- **DATA TO PROCESS**
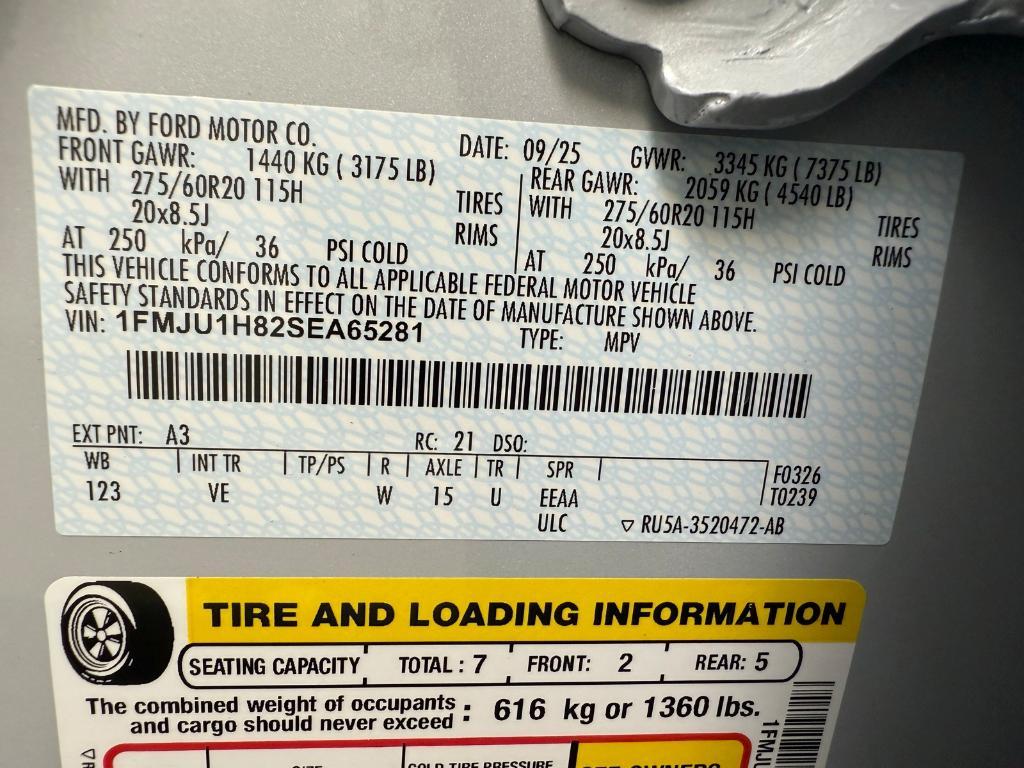 new 2025 Ford Expedition car, priced at $68,880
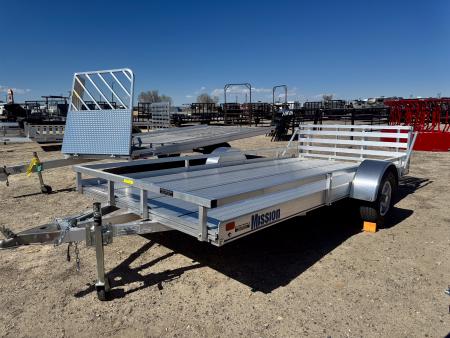 New 2025 ALCOM 14' Flexhaul Utility Trailer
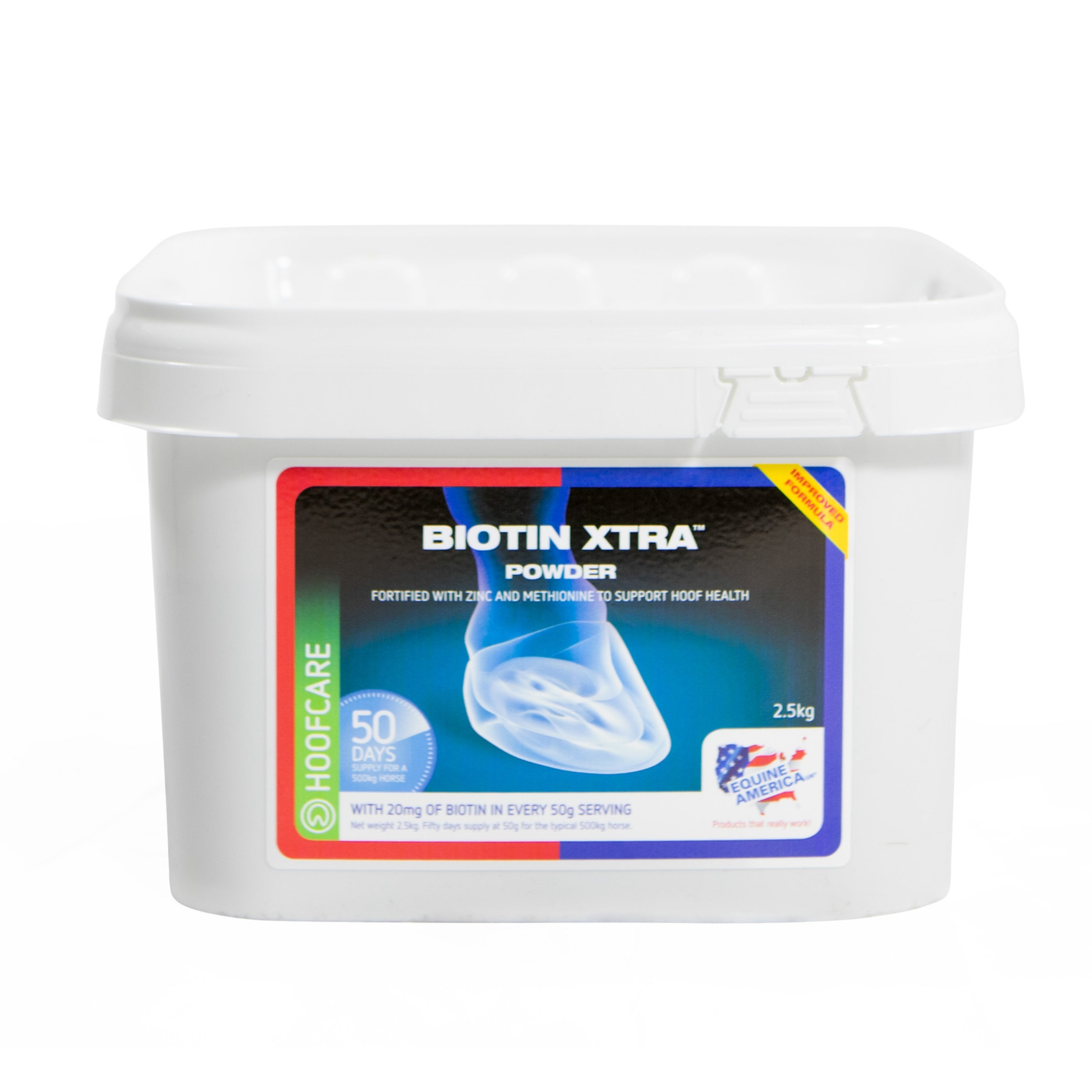 Equine America Biotin Xtra 2.5kg: Horse Supplement for Strong Hoof Health with Biotin, Zinc & Methionine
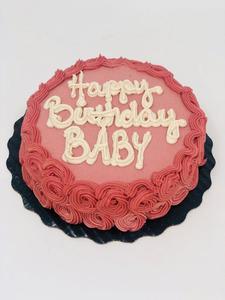 Pink Rosettes • Dog Cake Cheap From China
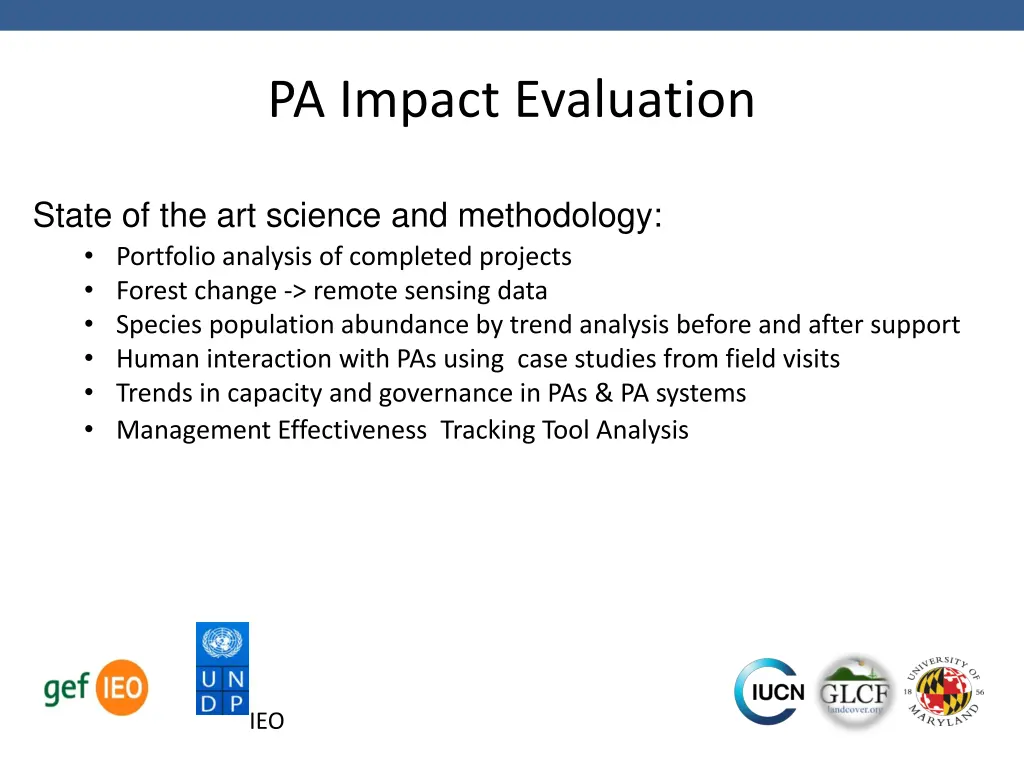 pa impact evaluation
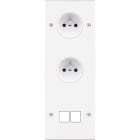 MODELEC - Façade Confidence Laiton Blanc Mat Triple Verticale PC Pc M2 à Vis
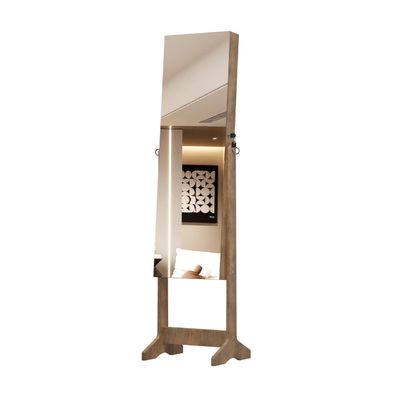 Good price Moisture-Proof Jewelry Mirror Cabinet with Frameless Full Length Mirror and 3 Back Shelves online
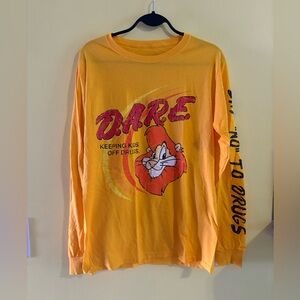 Long sleeve D.A.R.E. Tee.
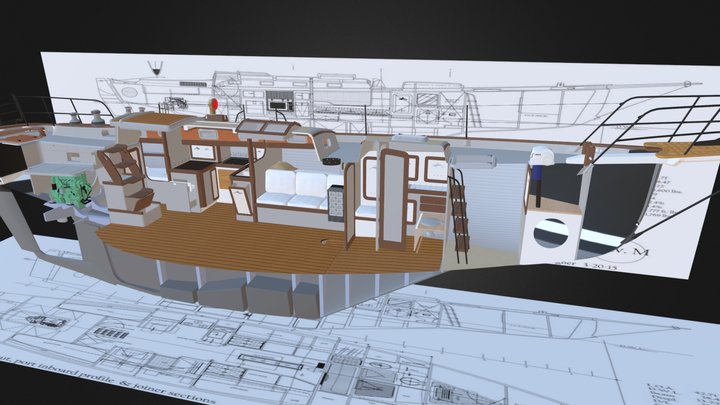 G43 Port Half Model 3D Model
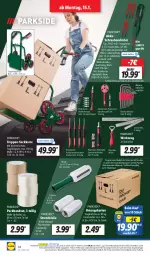 Gazetka promocyjna Lidl - Aktionsprospekt - Gazetka - ważna od 20.01 do 20.01.2024 - strona 18 - produkty: akku, angebot, coupon, deka, dell, eis, elle, flasche, Hobby, kraft, ladekabel, messer, Mode, ndk, Packband, Parkside, reis, Ria, Roller, sac, Schal, Schale, schrauben, Schraubendreher, Spezi, Ti, umzugskarton, usb, werkzeug, ZTE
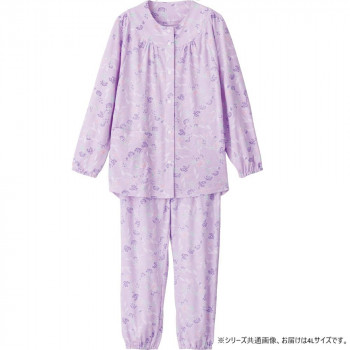 ケアファッション ホックパジャマ(婦人) パープル 4L 80017116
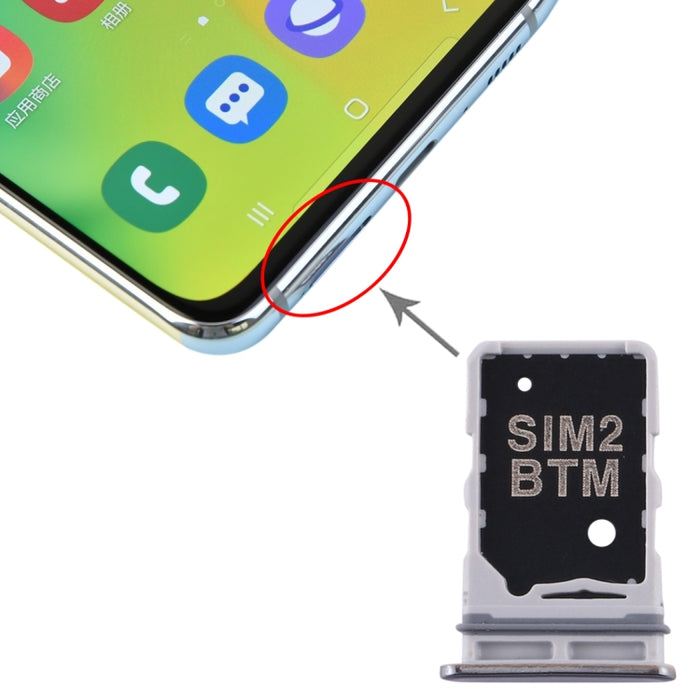 Para Samsung Galaxy A80 Bandeja de tarjeta SIM + Bandeja de tarjeta SIM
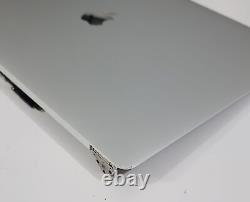 Original MacBook Pro A1990 15 2018 2019 Silver LCD Screen Assembly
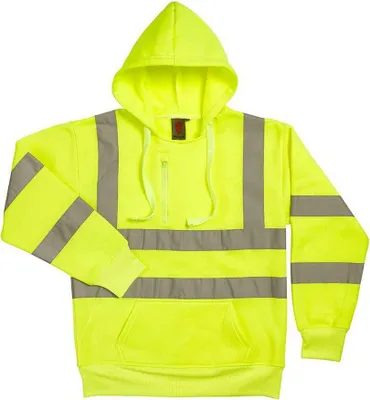 Imagen del producto de Warrior - Sudadera con capucha para hombre, modelo PC5190 (talla XL), color amarillo fluorescente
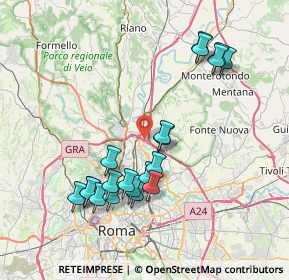 Mappa 00138 Roma RM, Italia (8.2575)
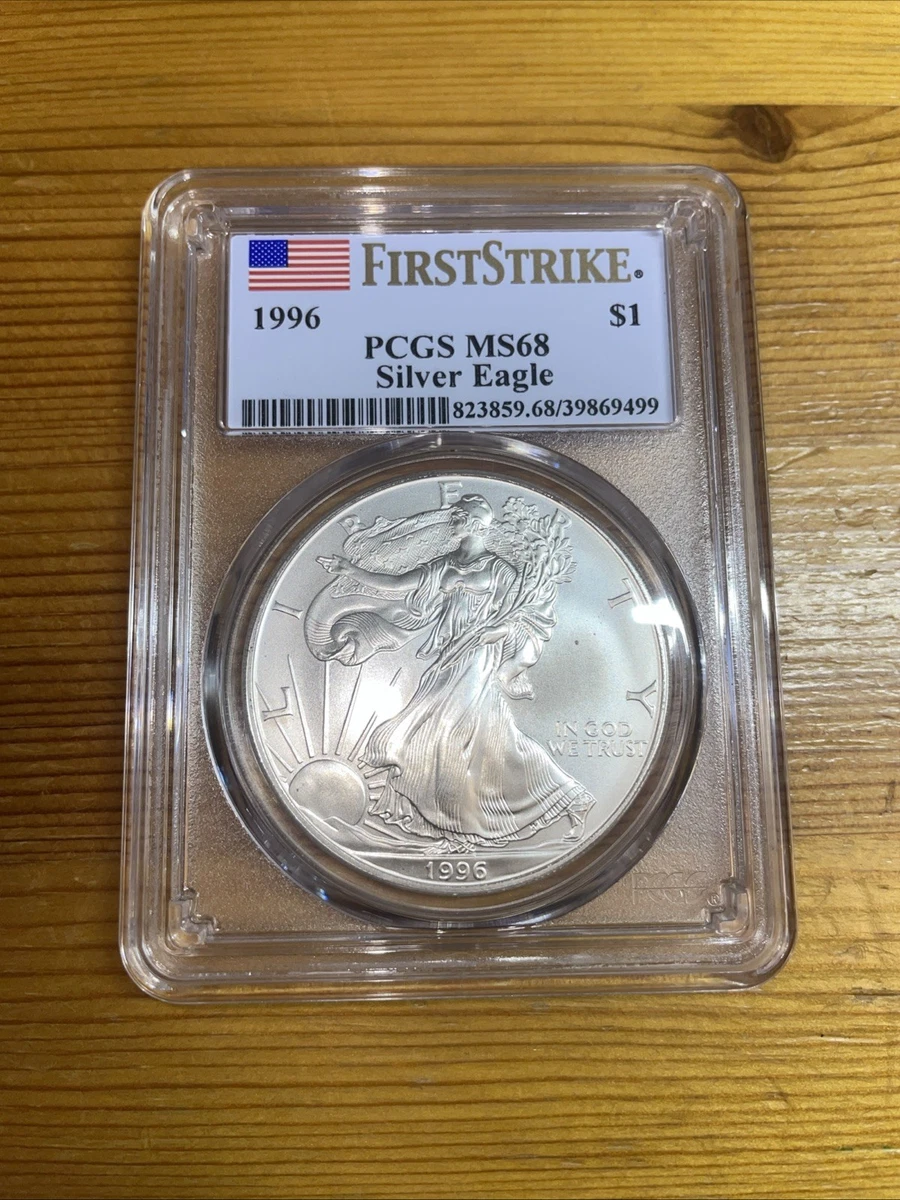 1996 American Eagle MS 68 Graded Silver Bullion Coins for sale | eBay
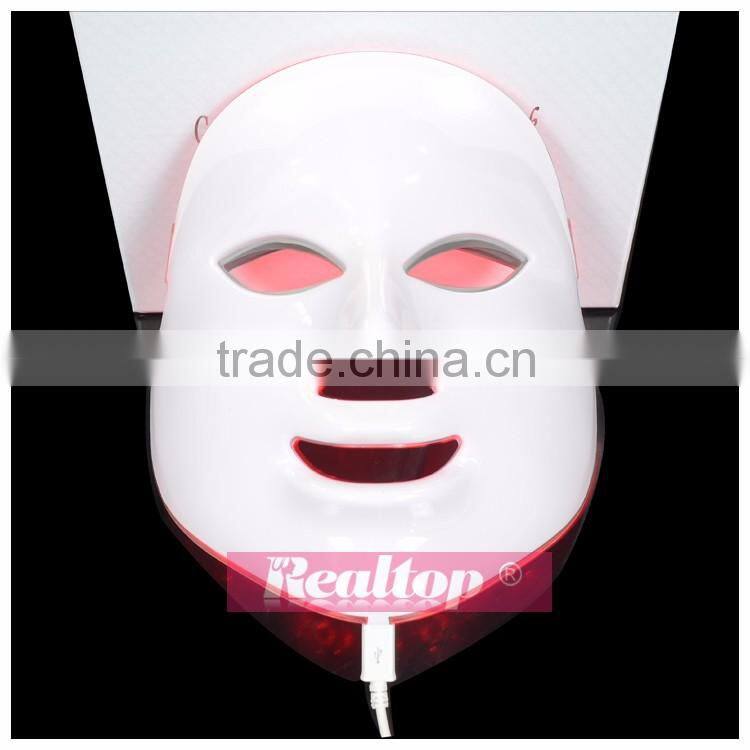 skin care mascara facial photodynamics pdt rejuvenation anti aging red yellow green blue led light therapy cosmetic facial mask
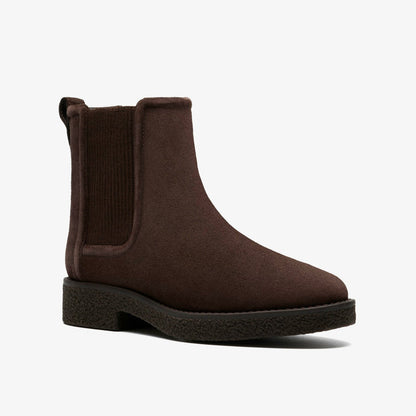 Nella Top Dark Brown Suede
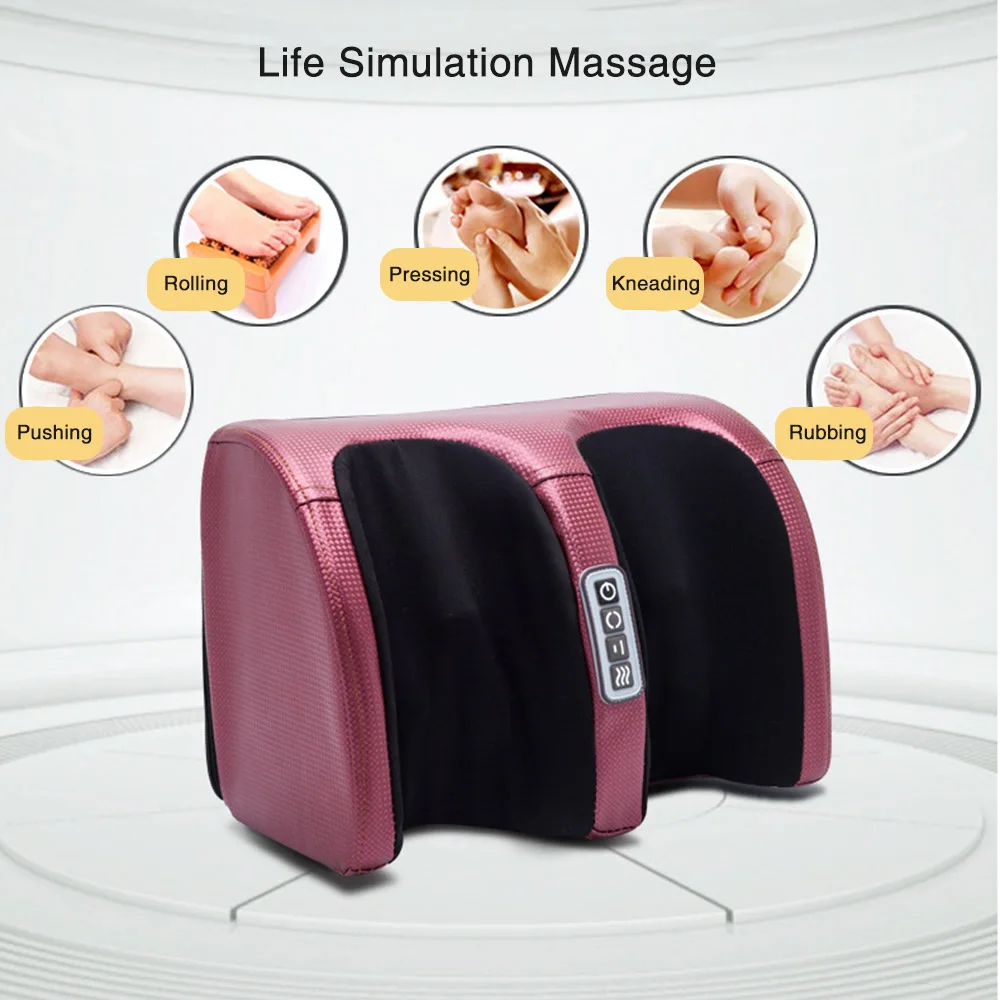 Electric Foot Massager Heating Therapy Hot Compression Shiatsu Kneading Roller Muscle Relaxation Pain Relief Foot Spa Machine Electric Foot Massager Heating Therapy Hot Compression Shiatsu Kneading Roller Muscle Relaxation Pain Relief Foot Spa Machine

- **YOUR TASK**
Would you write out exactly the lines of the data from the one holding "MODELEC - Façade" to the final line, both included, with pictures left out?

- **EXPECTED ANSWER**
 MODELEC - Façade Confidence Laiton Blanc Mat Triple Verticale PC Pc M2 à Vis
 Good price Moisture-Proof Jewelry Mirror Cabinet with Frameless Full Length Mirror and 3 Back Shelves online
 Long sleeve D.A.R.E. Tee.
 G43 Port Half Model 3D Model
 Gazetka promocyjna Lidl - Aktionsprospekt - Gazetka - ważna od 20.01 do 20.01.2024 - strona 18 - produkty: akku, angebot, coupon, deka, dell, eis, elle, flasche, Hobby, kraft, ladekabel, messer, Mode, ndk, Packband, Parkside, reis, Ria, Roller, sac, Schal, Schale, schrauben, Schraubendreher, Spezi, Ti, umzugskarton, usb, werkzeug, ZTE
 ケアファッション ホックパジャマ(婦人) パープル 4L 80017116
 Para Samsung Galaxy A80 Bandeja de tarjeta SIM + Bandeja de tarjeta SIM
 Original MacBook Pro A1990 15 2018 2019 Silver LCD Screen Assembly
 Imagen del producto de Warrior - Sudadera con capucha para hombre, modelo PC5190 (talla XL), color amarillo fluorescente
 Mappa 00138 Roma RM, Italia (8.2575)
 1996 American Eagle MS 68 Graded Silver Bullion Coins for sale | eBay
 skin care mascara facial photodynamics pdt rejuvenation anti aging red yellow green blue led light therapy cosmetic facial mask
 Nella Top Dark Brown Suede
 Electric Foot Massager Heating Therapy Hot Compression Shiatsu Kneading Roller Muscle Relaxation Pain Relief Foot Spa Machine Electric Foot Massager Heating Therapy Hot Compression Shiatsu Kneading Roller Muscle Relaxation Pain Relief Foot Spa Machine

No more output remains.